The question that bothers me 2 years now, after Lazarides papper.
is BMAC and Andronovo,
what exchanges of culture happened there, and when.
an extract of a bigger digest, if useful:
[...
In these graves at Gonur, associated with the early settlement of Gonur North, one horse was found. A brick-lined grave pit contained the contorted bodies of ten adult humans who were apparently killed in the grave itself, one of whom fell across a small funeral wagon with solid wooden wheels. The grave also contained a whole dog, a whole camel, and the decapitated body of a horse foal (the reverse of an Aryan horse sacrifice).

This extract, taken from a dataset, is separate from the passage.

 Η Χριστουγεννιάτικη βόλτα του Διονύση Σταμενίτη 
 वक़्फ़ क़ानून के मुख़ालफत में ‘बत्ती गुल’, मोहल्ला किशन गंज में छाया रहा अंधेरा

This grave is thought to have been a sacrificial offering that accompanied a nearby “royal” tomb. The royal tomb contained funeral gifts that included a bronze image of a horse head, probably a pommel decoration on a wooden staff. Another horse head image appeared as a decoration on a crested copper axe of the BMAC type, unfortunately obtained on the art market and now housed in the Louvre. Finally, a BMAC-style seal probably looted from a BMAC cemetery in Bactria (Afghanistan) showed a man riding a galloping equid that looks very much like a horse (see
figure 16.3). The design was similar to the contemporary galloping-horse-and-rider image on the Ur III seal of Abbakalla, dated 2040–2050 BCE. Both seals showed a galloping horse, a rider with a hair-knot on the back of his head, and a man walking.

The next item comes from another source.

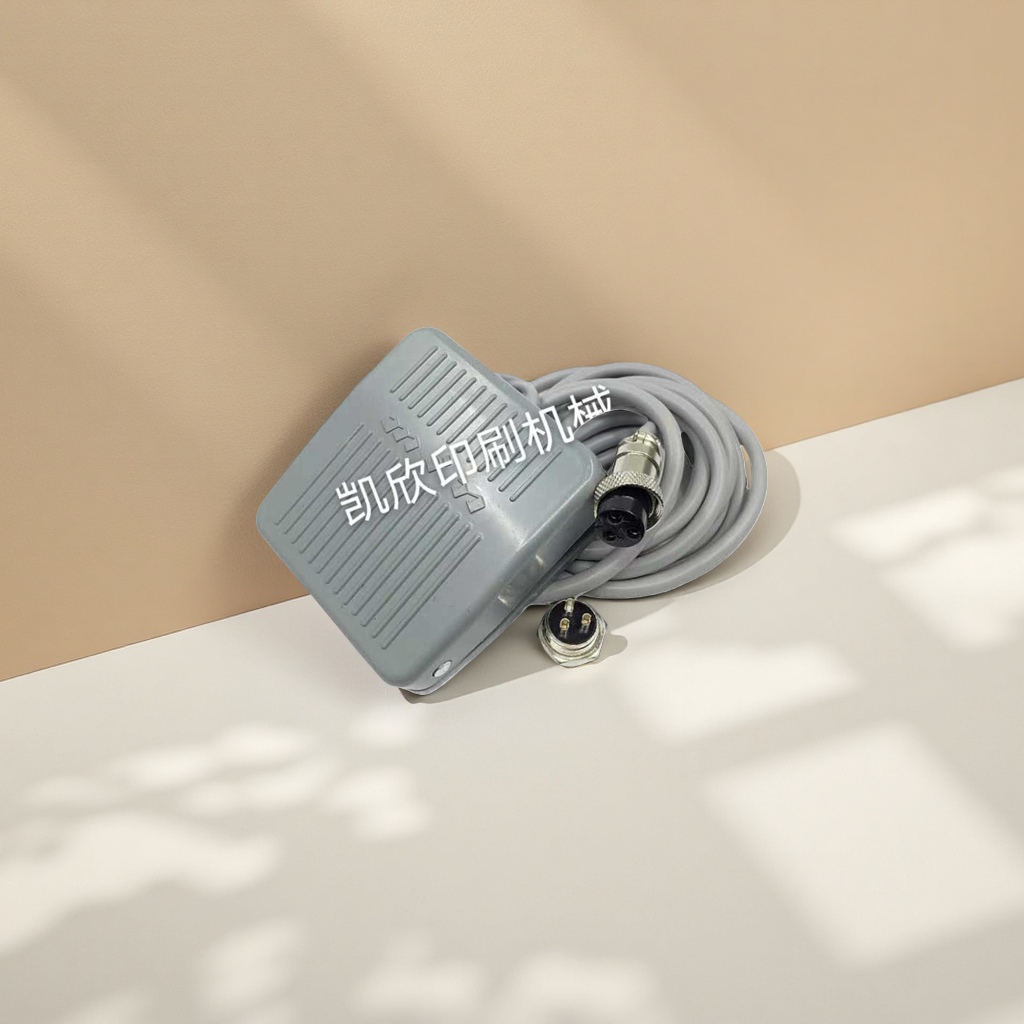 Grey foot switch, metal casing, waterproof and anti-slip, foot-operated power control switch Specification image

These finds suggest that horses began to appear in Central Asia about 2100–2000 BCE but never were used for food. They appeared only as decorative symbols on high-status objects and, in one case, in a funeral sacrifice. Given their simultaneous appearance across Iran and Mesopotamia, and the position of BMAC between the steppes and the southern civilizations, horses were probably a trade commodity. After chariots were introduced to the princes of the BMAC, Iran, and the Near East around 2000–1900 BCE, the demand for horses could easily have been on the order of tens of thousands of animals annually.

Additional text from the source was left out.